STORED DATA:
--- START ---
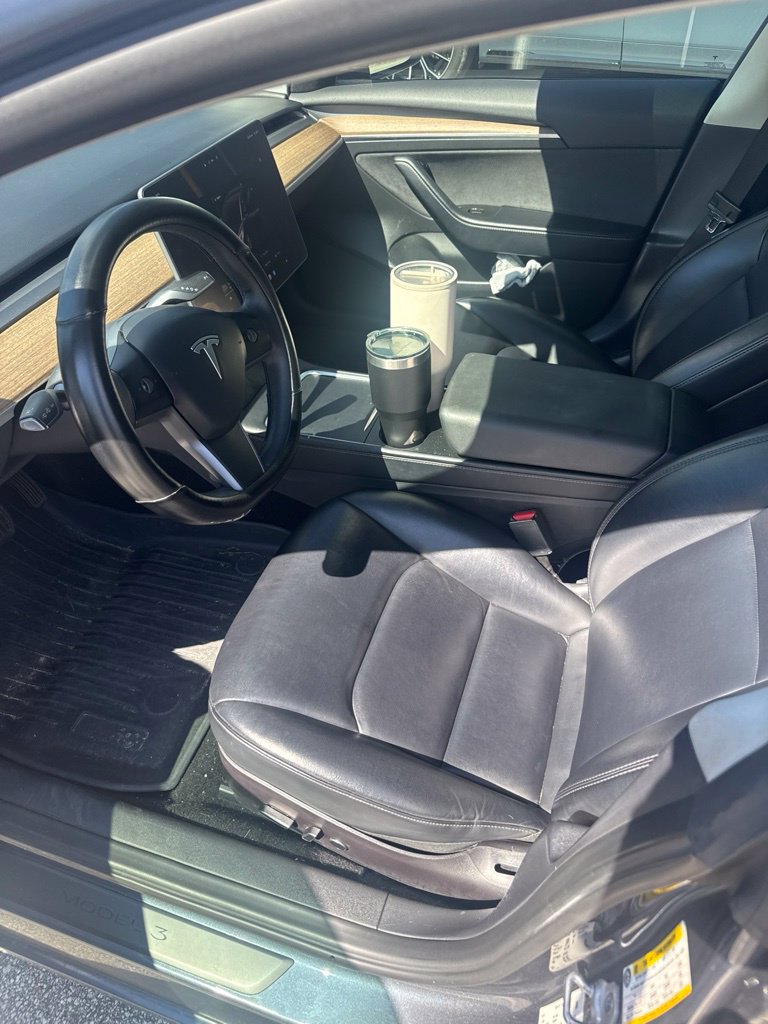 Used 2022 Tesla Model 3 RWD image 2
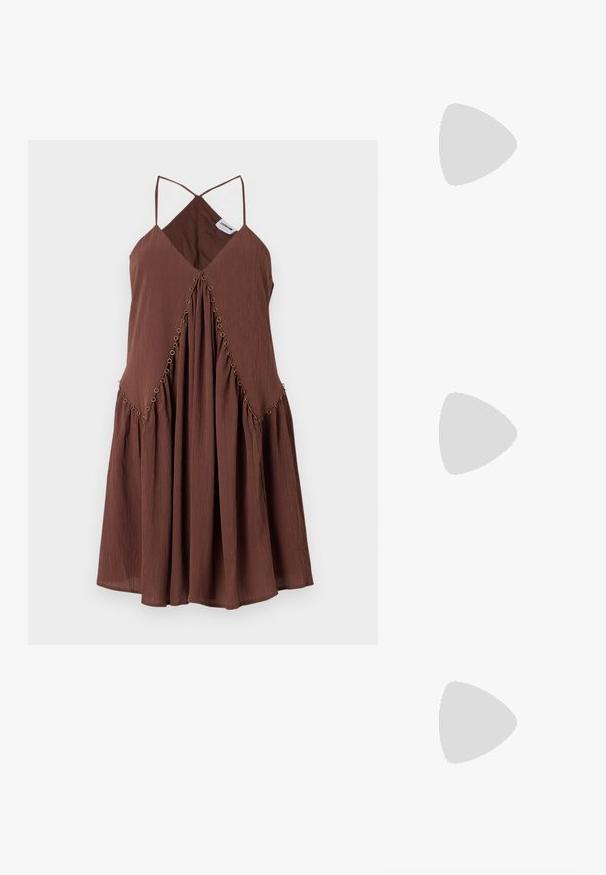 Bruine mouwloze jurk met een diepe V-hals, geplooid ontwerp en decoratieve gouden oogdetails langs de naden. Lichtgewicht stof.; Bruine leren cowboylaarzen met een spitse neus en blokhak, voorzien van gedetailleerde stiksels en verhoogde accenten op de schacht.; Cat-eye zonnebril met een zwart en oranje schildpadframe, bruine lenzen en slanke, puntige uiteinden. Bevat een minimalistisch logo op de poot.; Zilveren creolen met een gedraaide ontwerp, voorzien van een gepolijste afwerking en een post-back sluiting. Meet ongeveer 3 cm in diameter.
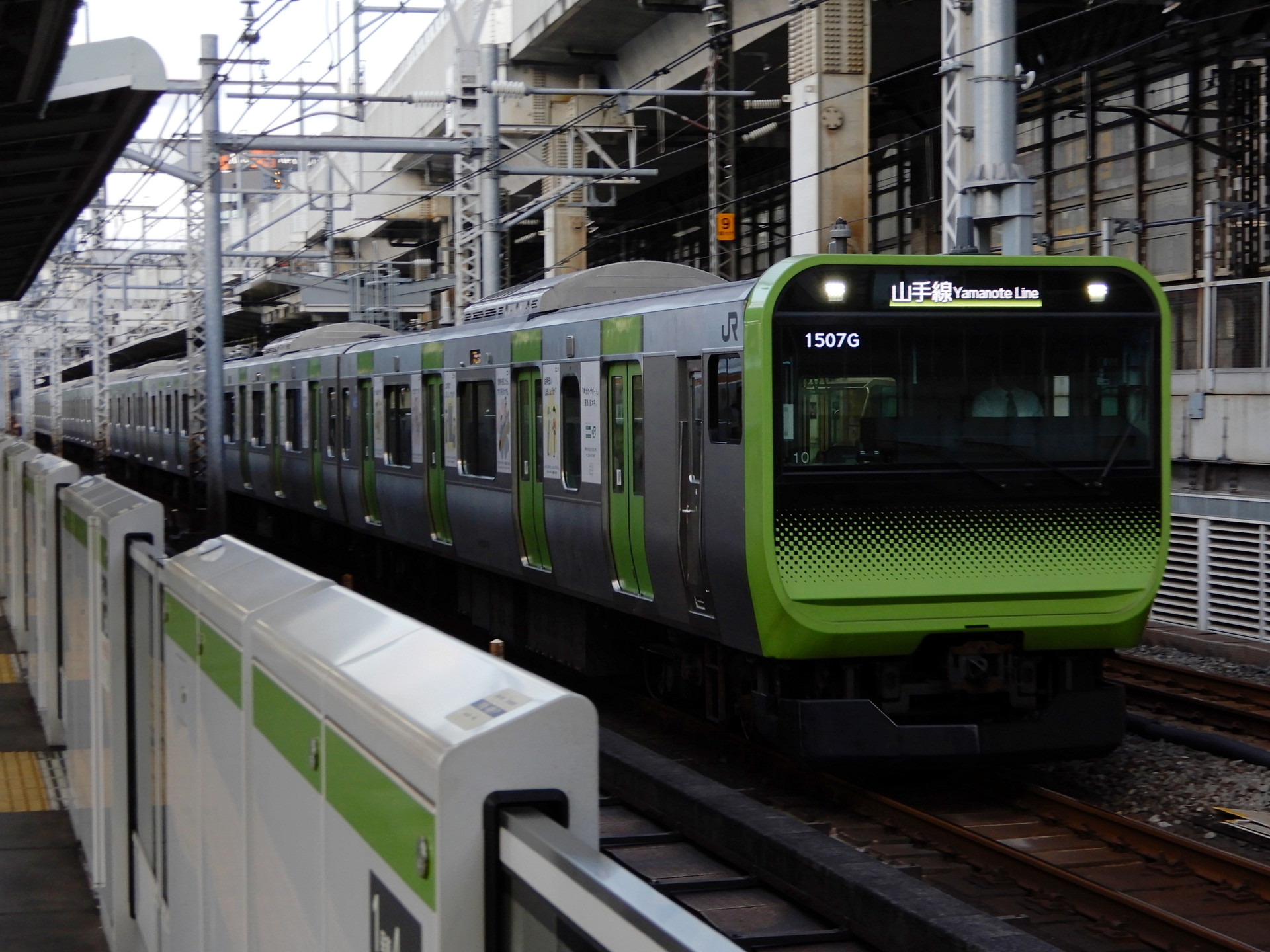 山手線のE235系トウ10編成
--- END ---
TASK GOAL: The expected answer is the listing above, duplicated exactly, with its pictures removed.

EXPECTED ANSWER:
 Used 2022 Tesla Model 3 RWD image 2
 Bruine mouwloze jurk met een diepe V-hals, geplooid ontwerp en decoratieve gouden oogdetails langs de naden. Lichtgewicht stof.; Bruine leren cowboylaarzen met een spitse neus en blokhak, voorzien van gedetailleerde stiksels en verhoogde accenten op de schacht.; Cat-eye zonnebril met een zwart en oranje schildpadframe, bruine lenzen en slanke, puntige uiteinden. Bevat een minimalistisch logo op de poot.; Zilveren creolen met een gedraaide ontwerp, voorzien van een gepolijste afwerking en een post-back sluiting. Meet ongeveer 3 cm in diameter.
 山手線のE235系トウ10編成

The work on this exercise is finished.